VOUS ÊTES JEUNE
Sous une plume acérée et quelques accords, Yannick Le Nagard ne
verse pas dans la modernité. Entendez qu'il ne bouscule pas les styles
établis. Il ne parcourut pas les chemins de l'innovant, là ne
sont pas chez lui les desseins de son expression. Résolument contemporain
pourtant, il s'adonne, depuis 1997, en artisan de la rime, à poursuivre
la tradition d'une riche lignée de chansonniers. De ceux qui ont privilégié
depuis plus de cinq décennies, le franc-mot à l'habillage. De
Bruant auquel il rend hommage en adaptant À Bastignolles,
rebaptisant la chanson phare À la défense
, en passant par Jean Sablon ou Jean Nohain qui aurait pu écrire
pour Mireille Ton petit ventre , par Vian pour l'humour caustique et
le swing. Et, en évidence, Georges Brassens à qui il emprunte
les accords dépouillés et la verve vacharde. Lui qui annonçait
« C'est cruel… Mais c'est la vie » présageant
« encore un chef-d'œuvre » nous travaillait sournoisement
au corps, tel ce gamin trop sérieux au costume trop grand trônant
sur la pochette de son troisième album. Fallait-il se méfier de
cet air anodin, de l'éclat malicieux perçu au coin des pupilles !
Comme une claque badine, rafraîchissante dans son ventilé. Sans
tapages, cet aguerri des cafés-concerts, ayant fait ses premières
dents Aux limonaires , en guise de mise en bouche, nous conseille quelque
lecture saine dont La Barbarie douce à qui il emprunte
le fond et la forme pour tramer sa chanson titulaire. Le croque-note entame
ainsi la fête contre les valeurs désormais consensuelles de la
mondialisation néo-libérale. « Vous êtes jeunes
/ vous êtes modernes / C'est bien, continuez ! (Mais pas trop quand
même eh, oh !) » C'est par cette échappée
qu'il rejoint ses pairs également. En dressant quelques portraits vitrioliques,
il rassemble le propos en autant de critiques sociales sans devenir revanchard.

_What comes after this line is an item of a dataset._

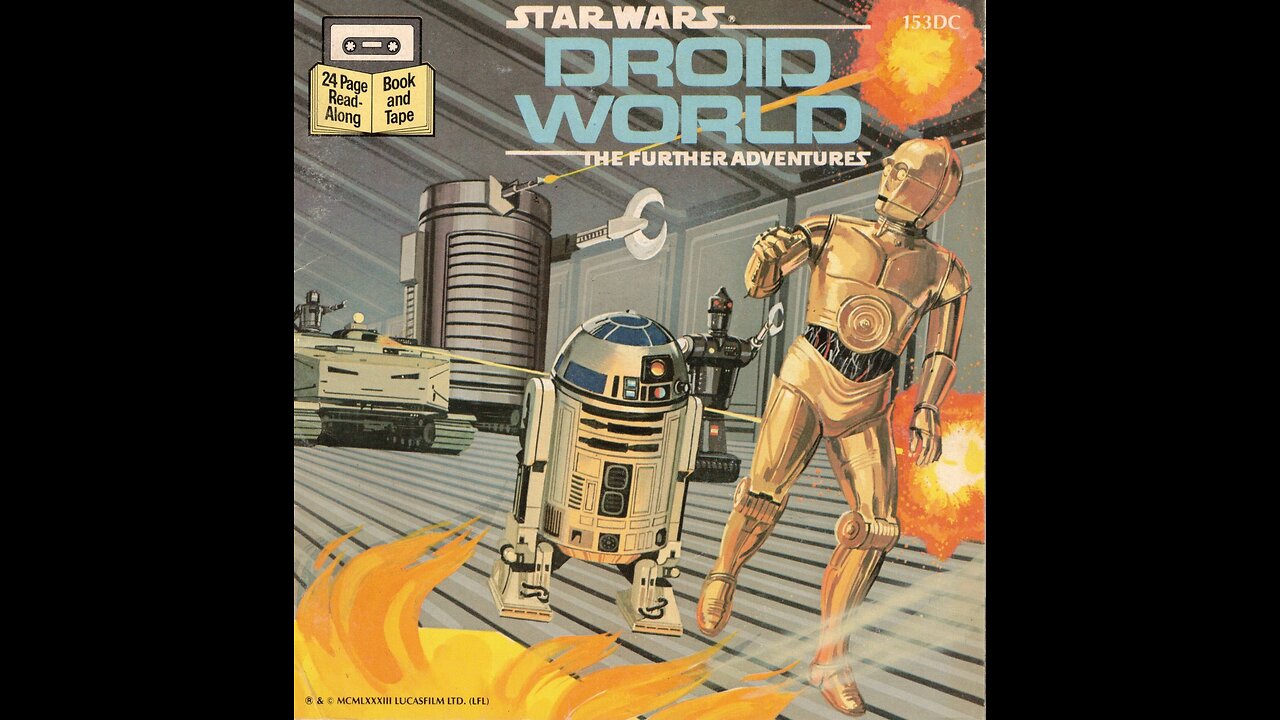 Memory Bank: Droid World Read-Along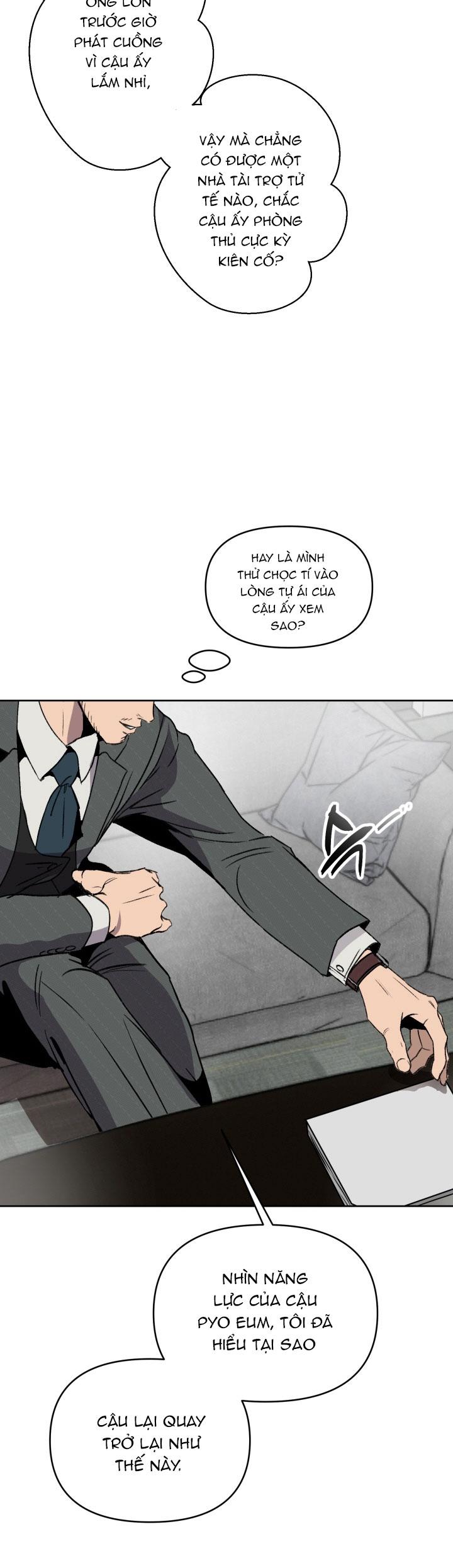Đọc truyện BÁO CÁO SỨC KHỎE TUYẾN TIỀN LIỆT - Chapter 8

L'écriture souple et soignée n'en est pas moins acide et quelque
peu irrévérencieuse. Brocardant au passage, mettant le feu sans
peur du bûché, il fustige quelques icônes de l'église
ou du show-biz, qu'elles s'appellent Jean-Paul ou Johnny. Sans omettre au détour,
une incartade du côté de l'amour, en accessoiriste averti pratiquant
les pataquès. Ce dynamiteur pouvant piéger, si vous êtes
jeunes, vos confortables certitudes, ne sera jamais labellisé « pape
de la chanson française de facture classique ». N'est pas
Burgalat qui veut. Qu'importe, les niques sont parfois salutaires.